In 2016, after years of dyeing my hair, I decided to grow out my natural colour. To have a look at what I’ve been covering up for 15 years and see if I liked it. It’s now chin-length, and I do like it. But it’s taken me a while to accept one small fact; I’m not as ginger as I thought I was.
Let me backtrack. I’ve had a complicated relationship with my hair colour since I was aged 13, when a friend and I shared a pack of red hair dye, leaving her brunette strands with a hint of red and turning my fine, silky blonde hair a pleasing ginge, albeit dry and damaged. “What have you done?” and “Your hair was so nice before” were comments I was met with at school. Plus, my mum was furious, despite being a lifelong henna-head herself.

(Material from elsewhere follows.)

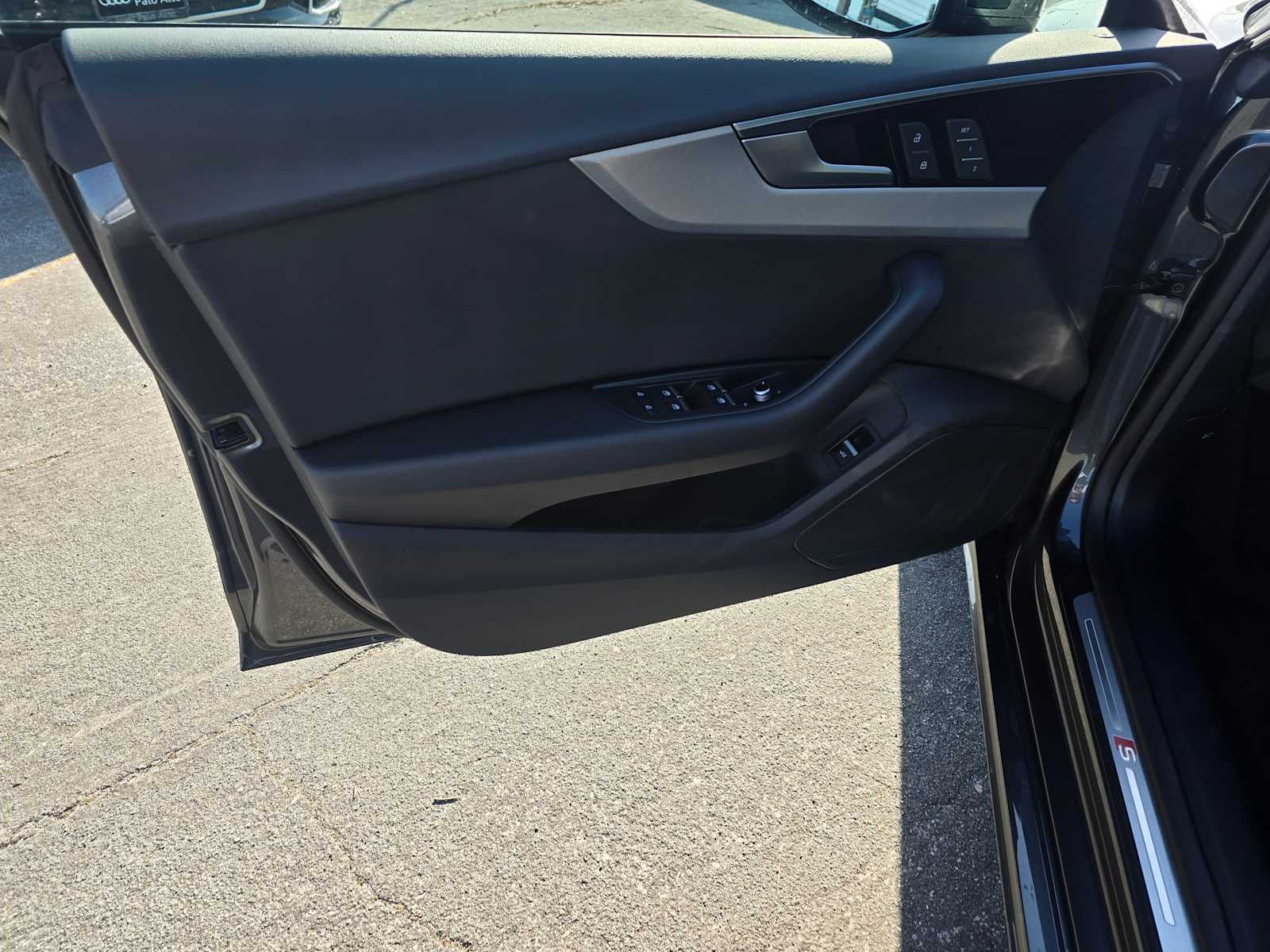 2025 Audi A5 Sportback S line Premium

From then on I became focused on getting my blonde hair back, but it never came back; even when the roots grew in they were red-brown, and my hair was no longer silky and straight. The dye damage had made it an unruly, half-wavy half-straight, unmanageable mess. I felt like I’d ruined my hair, and my LIFE (emotional times).
As I’m pretty sure all of us know, UK school kids (and some adults) can be tough on young redheads. I was never overtly bullied – it’s possible I escaped by having a slightly more ambiguous hair colour – but I definitely absorbed the prejudice. I became very self-conscious about my hair. Whenever someone around me insulted red hair I felt myself shrinking, especially as there was usually a moment of panic in their eyes as they checked my roots and assessed whether they had just insulted me.
Cue many years of bleaching, straightening, and blow-drying upside down in an attempt to look like Friends series 5 Rachel, though I never quite emulated her. Here’s what I managed instead:
After five years of bleach I tried black hair, brown hair, a shaved head, more bleach, a blunt fringe, layers, and about 18 different side fringes. Last year I was considering a perm. But finally, it seems, the urge to change my appearance has gone away. This is something akin to magic for someone so enduringly beguiled by ‘self-improvement’.
What brought about this change? Something as simple as accepting my natural hair colour. I had about four inches of roots when I stumbled upon Ginger Parrot for the first time, along with others that are dedicated to celebrating red hair. It was exactly what I needed to see and it changed my entire hair-identity. Now I find red to be the most beautiful of hair colours.
But then guess what happened? My hair suddenly wasn’t red enough! Sure, my dentist referred to me as a redhead (which was great) and it looks warm under most lights, but some people say I have brown hair, others think ash blonde, and others reddy-brown. The only thing that’s become obvious is that I quiz people about my hair too often. When my little cousin comes to visit I ask, “What colour would you say my hair is..?” “Light brown?” “Oh.”
So now, ironically, I’ve had to accept being less redheaded than I thought I was. And not having an easy answer to the question, “What colour is your hair?”